Monday, May 23, 2016

When Church Doesn't Cut It For Me

I confess.  Church wasn't doing it for me yesterday.  The music wasn't doing it.  The sermon wasn't doing it.  The weather wasn't doing it.  I was irritable and edgy and unable to focus.  I really didn't want to be in church.

It happens.

Even to those of us who more or less like church.  Some days, the church isn't a building.  Some days, the church is a piece of paper and a thought.

So, I let my mind began to wander down paths of why church is important, thoughts about Christianity, why Saints matter (read www.lentmadness.org), and I started to write all over my bulletin.

It looks like this:

And this is what came out:

Christianity is a collective experience.  There is no one person that tells the story of God.  The story of God is told by tax collectors, prostitutes, the poor, kings, queens, doctors, soldiers, those that are ill and disabled.  Teachers tell the story and children tell the story.  All sorts of people tell the story of God.  We all have  a part in telling the story of God in our lives and the life of the world.  The Saints that have gone before us tell this story and lived out their faith through words and deeds.  They are so touched by grace that every step of their lives is a story about God.

Each step, is a word in their story about God.
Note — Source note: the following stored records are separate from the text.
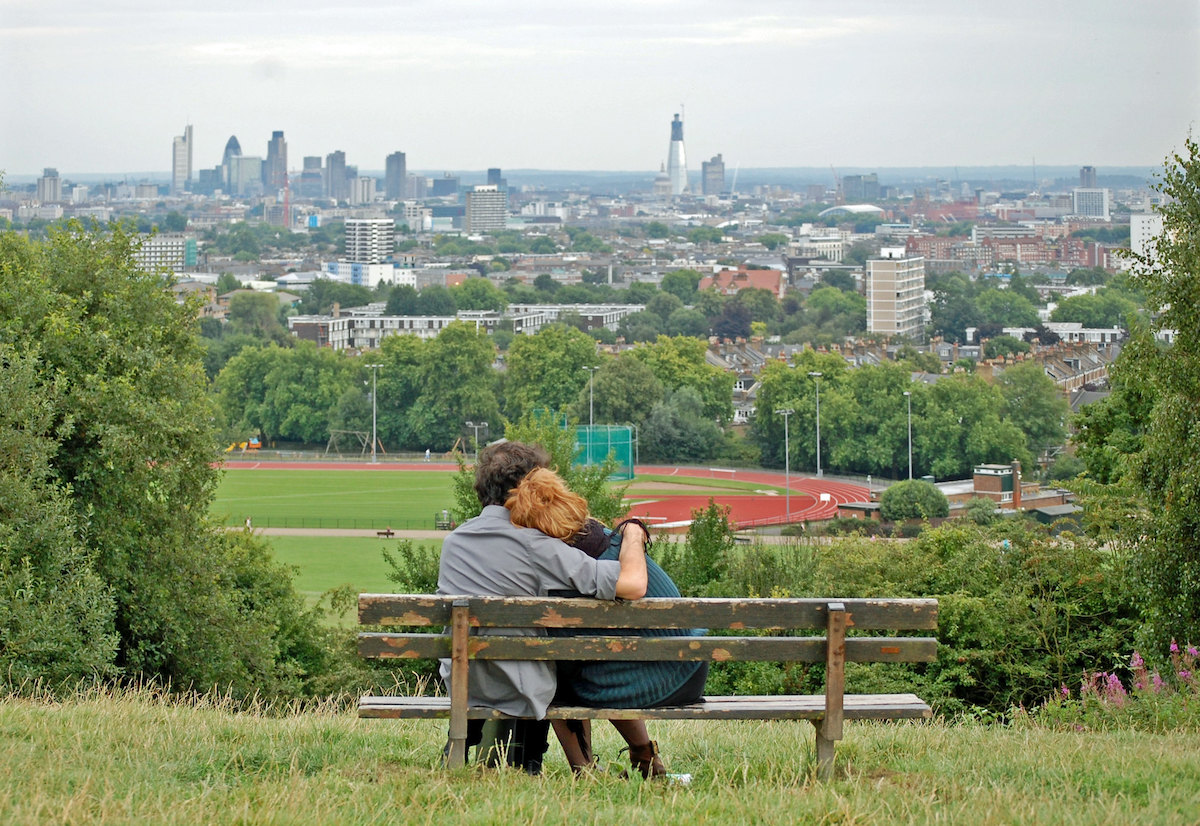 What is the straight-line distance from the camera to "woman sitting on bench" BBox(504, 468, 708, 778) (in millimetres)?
4906

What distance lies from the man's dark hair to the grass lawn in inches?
38.9

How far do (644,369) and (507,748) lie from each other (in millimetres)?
64014

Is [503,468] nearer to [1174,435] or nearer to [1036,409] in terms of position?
[1174,435]

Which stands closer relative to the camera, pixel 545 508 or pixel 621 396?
pixel 545 508

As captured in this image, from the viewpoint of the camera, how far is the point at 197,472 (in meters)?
14.1

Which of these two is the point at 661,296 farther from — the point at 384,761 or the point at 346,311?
the point at 384,761

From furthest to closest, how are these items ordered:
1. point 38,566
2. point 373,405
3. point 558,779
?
point 373,405 → point 38,566 → point 558,779

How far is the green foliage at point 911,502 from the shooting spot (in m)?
42.0

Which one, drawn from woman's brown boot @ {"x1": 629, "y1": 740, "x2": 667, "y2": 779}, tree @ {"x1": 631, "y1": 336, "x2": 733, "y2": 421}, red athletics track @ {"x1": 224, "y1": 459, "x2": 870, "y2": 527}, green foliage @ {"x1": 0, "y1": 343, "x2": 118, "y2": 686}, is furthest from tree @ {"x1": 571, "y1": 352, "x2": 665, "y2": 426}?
woman's brown boot @ {"x1": 629, "y1": 740, "x2": 667, "y2": 779}

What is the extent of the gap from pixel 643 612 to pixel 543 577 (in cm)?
46

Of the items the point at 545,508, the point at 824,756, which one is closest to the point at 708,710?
the point at 824,756

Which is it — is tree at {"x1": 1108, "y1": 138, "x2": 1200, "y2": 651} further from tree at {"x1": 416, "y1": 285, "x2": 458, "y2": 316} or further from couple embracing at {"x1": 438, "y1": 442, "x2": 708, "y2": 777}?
tree at {"x1": 416, "y1": 285, "x2": 458, "y2": 316}

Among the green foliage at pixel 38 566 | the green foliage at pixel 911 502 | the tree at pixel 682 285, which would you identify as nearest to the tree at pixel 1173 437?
the green foliage at pixel 38 566

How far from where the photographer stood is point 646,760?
4.97 m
Each step you take is a word in your own story about God.

We study the Saints to connect on a deep level with those that have gone before us.  They teach us about how God was a part of their lived experience of the gospel.   This lived experience brings the gospel to life in all times and places. This gospel is live and real today.  There are saints all around us living the story of God in real time.

When we study the saints that have gone before us, it connects us with the community of the company of heaven that sings of God's glory throughout all ages.  I believe in some sort of heaven.  I think there is more than this life. I deeply believe there is more to our story with God.  My voice aches to sing with the angels and arch-angels and all the company of heaven.  There is a hope for something more.

Enter the resurrection.

Studying the saints shows us the hope of the resurrection, the grace of God, the power of hope, and the mercy of love throughout the individual and collective trauma, tragedy, degradation, fear, and pain.  The disciples firmly believed that Jesus rose again on the third day.  They believed in the risen Christ.  There was a man that was raised from the lowest grave and from the most degrading death. Those that went before us tell us of the power of the resurrected Christ.

The gospel tells us how God's grace flowers in the lowliest of situations.  Maybe Jesus wasn't born in a physical manger, but perhaps this is a reference to grace in the lowliest of places.  Perhaps there wasn't a star, but rather it refers to the light of Jesus in the darkest hours, or the darkest of times.  Perhaps the miracles bore from a point of grace.  Perhaps with love and grace, there is more.  That all is possible.

What separates our belief in God as Christians, is the resurrection of Christ.  This belief is the promise that all things are made right in God.  This is a belief in grace, and hope, and love, and the power to transform.  The degradation, the pain, the suffering, the ills, the abuse, the anger...these things are all made right in God.  God made this right through Jesus.  God made is right through the lives of the saints.  God will make it right for you too.  You are part of this story of hope and grace.  Our study of the saints, and those that have gone before us as Christian witnesses, shows us how God made things right for people through the hope of the resurrection.  This is a story that has been told for ages.  This is your story.

Through God, all things are possible.  Through our collective experience of the Grace of God in our lives, we become a part of the community of saints that speaks a voice that witnesses to God's work in the world. Your voice belongs in this story.

Come, be a part of the story.  What would your voice say?